The pandemic's economic effects have hit Americans unequally. On one side, you have people who could work from home, were well-paid and avoided lengthy interruptions in income. On the other side, less-well-paid people were more likely to have jobs they couldn't do at home, and they lost income when businesses closed due to social distancing.

When mortgage rates dropped through much of 2020, many prosperous homeowners refinanced their mortgages. They were able to qualify for new loans because they had kept their jobs, allowing them to pay their bills on time and maintain good credit records.

Lower-income homeowners didn't fare as well. More than 2 million didn't refinance, despite low rates, according to Mark Calabria, director of the Federal Housing Finance Agency.

The agency directed Fannie Mae and Freddie Mac to come up with refinance options for lower-income homeowners.

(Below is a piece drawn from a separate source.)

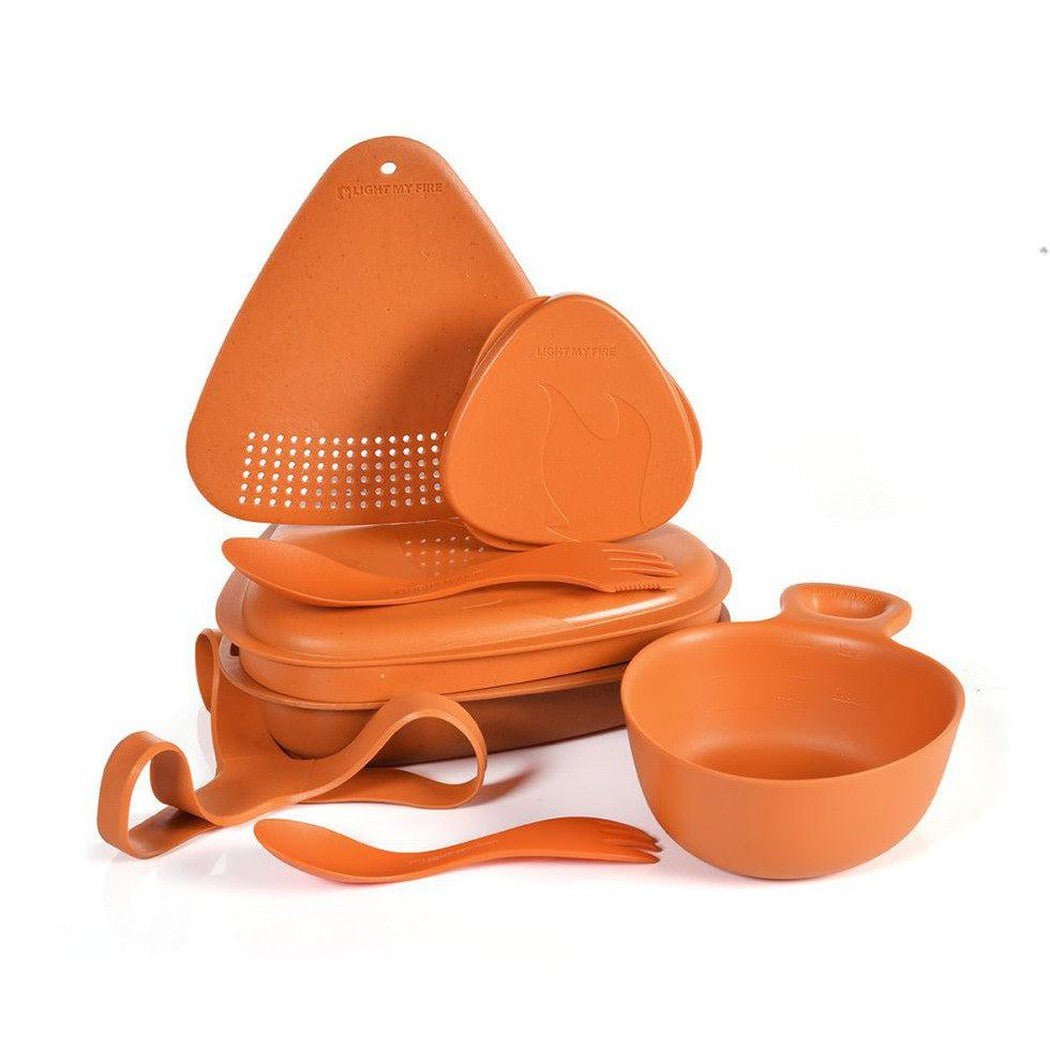 A top-down view of the Light My Fire Outdoor MealKit BIO in Hazy Blue showing the lidded container and bowl against a white background.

Fannie's program, called RefiNow, is scheduled to begin June 5. Freddie's program, Refi Possible, will roll out beginning Aug. 30.

These programs will pay up to $500 for an appraisal and waive the adverse market refinance fee that acts as a half-a-percent sales tax on refinancing a mortgage.

To be eligible, borrowers must make 80% or less of the area median income, live in their own single-family home, have no missed payments in the past six months, and reduce the interest rate by at least half a percentage point. The mortgage must be backed by Fannie or Freddie, and the borrower's credit score must be 620 or higher. Other eligibility restrictions apply.